Amélie m'a parlé d'une petite friperie qui venait d'ouvrir à quelques rues. Après mon service et avant de faire les courses, je me décide à faire le chemin pour le plaisir des yeux à défaut d'être sûre de pouvoir m'offrir quelque chose.

Le temps est doux, c'est donc en chemisier et talons que je sors. Les étudiants vivent leur vie sur le campus, ils signalent leur position par leur fumée et parlent sûrement de tout et de rien. Je ne sais pas exactement ce qui me retient ici. Ma famille n'a jamais été très câlins et appels le dimanche, chacun suit sa route et n'échange que les strictes mondanités en faisant mine de s’intéresser aux autres au téléphone pour souhaiter les anniversaires une fois l'an. Je pourrais très bien partir si je savais où aller, là où l'on tiendrait à moi. Ces pensées me traversent de plus en plus régulièrement. Je dois être lasse des vapeurs automobiles et des mendiants unijambistes. Parfois ils sont pianistes, guitaristes ou jongleurs, mais l'emballage ne change guère la douleur de l'accord tacite consistant à les effacer du champ de nos interactions en défilant devant sans dire un mot.

Je veux prendre l'air. Partir dans la campagne, dans un village à taille humaine. Être reconnue et ne pas composer la masse doit être si agréable. J'y rencontrerai peut-être l'homme dont je rêve.

Trouver un prince avec qui convoler faisait partie des souhaits de la petite fille que je ne suis plus. J'ai été trop de fois déçue, et c'est peut-être pour ça que j'ai été si charmée à la vue de cet énergumène. Il n'a pas fait semblant ou cela devait être si maladroitement qu'il en est devenu vrai. Il m'a abordée devant cette vitrine de la rue Rousseau. Ses compliments à base d'astres et de fleurs m'ont intriguée, comment ne pas sourire ? Son regard et ses mots m'étaient adressés, je le sentais. Je suis peut-être naïve, mais je ne pense pas qu'il s'agissait d'un numéro. Un numéro, je me suis surprise à lui demander le sien, ce que je n'ai jamais fait. Après avoir parlé dans un premier temps devant la vitrine puis le long des trottoirs voisins, j'appris qu'il n'en avait pas et me donna rendez-vous pour le lendemain.

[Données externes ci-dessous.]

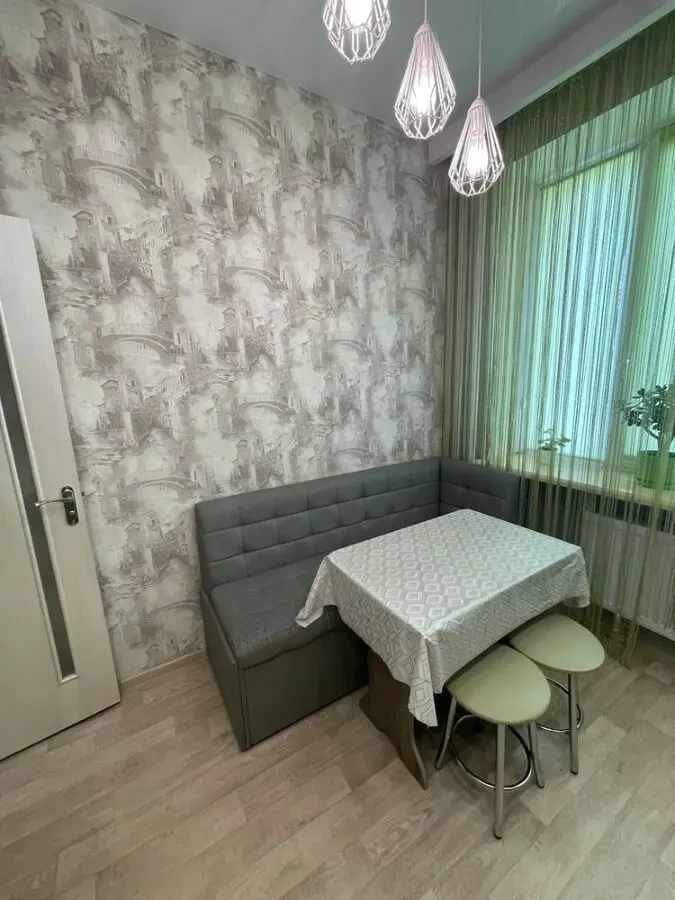 продам 1к.квартиру 4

Nos rencontres ont animé mon quotidien, ont complété mes horizons, ce qui n'échappa pas à Amélie.

Je lui décris mon drôle de soupirant et elle s'emporta avec moi en enthousiasme et théories. Il devait être fou ou excentrique, dans les deux cas il n'avait d'yeux que pour moi, ce qui je l'avoue enjolivait mes pensées.

Cela fait maintenant quatre mois que nous nous fréquentons et dans quatre jours je serai chez lui. Je dois me préparer pour ce jour.